De uit Afrika geboortige wonderdokter Quassi van Timotibo maakt een wandeling, terwijl op de achtergrond een grote wurgslang wordt opgehangen waarbij kapitein Stedman toekijkt. Aquatint, handgekleurd, van D.K. Bonatti. Uit: Giulo Ferrario, Il Costume Antico e Moderno…, l’America. Milan: uitgever onbekend, 1821, Tavole 59. Coll. Buku Bibliotheca Surinamica. (Illustratie niet in het besproken boek.)

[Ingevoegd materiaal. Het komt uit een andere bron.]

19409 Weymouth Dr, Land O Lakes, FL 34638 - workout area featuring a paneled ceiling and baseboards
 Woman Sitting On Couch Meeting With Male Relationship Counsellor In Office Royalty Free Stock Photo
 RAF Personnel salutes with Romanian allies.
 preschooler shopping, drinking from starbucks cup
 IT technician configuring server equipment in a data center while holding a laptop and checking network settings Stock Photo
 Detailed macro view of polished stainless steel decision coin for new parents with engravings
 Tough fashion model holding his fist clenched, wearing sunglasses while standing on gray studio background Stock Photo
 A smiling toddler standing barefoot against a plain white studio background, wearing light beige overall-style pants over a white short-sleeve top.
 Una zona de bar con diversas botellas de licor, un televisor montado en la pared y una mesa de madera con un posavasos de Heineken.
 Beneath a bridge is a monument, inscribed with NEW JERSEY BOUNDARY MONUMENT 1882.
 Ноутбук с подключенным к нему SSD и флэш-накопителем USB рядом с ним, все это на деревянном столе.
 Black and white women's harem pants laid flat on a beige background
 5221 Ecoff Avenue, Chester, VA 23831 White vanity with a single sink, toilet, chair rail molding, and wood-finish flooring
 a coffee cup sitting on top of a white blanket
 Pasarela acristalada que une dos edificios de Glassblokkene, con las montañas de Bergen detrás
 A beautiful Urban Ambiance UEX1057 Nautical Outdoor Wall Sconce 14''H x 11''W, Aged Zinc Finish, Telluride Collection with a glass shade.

Lied over de slavenopstand van Tula*

 (gezongen door Sheli van Kanga)

Zino papapa zinowé
neger tribi ca lanta cu blancu
zino papapa zinowé
Tula tribi ca traha papa
zino papapa zinowé
Tula tribi ta hala lechi.

[Papiamentu]

Rebelse negers stonden op
tegen de blanken
rebelse negers stonden op
tegen de blanken
Tula maakte pap klaar
Tula die koeien melkt

* Tula is de leider van de slavenopstand op Curaçao van 1795. Onder het volk vertelde men dat de slaven op de plantages de shons (de slavenmeesters) hete pap in het gezicht hadden gesmeten.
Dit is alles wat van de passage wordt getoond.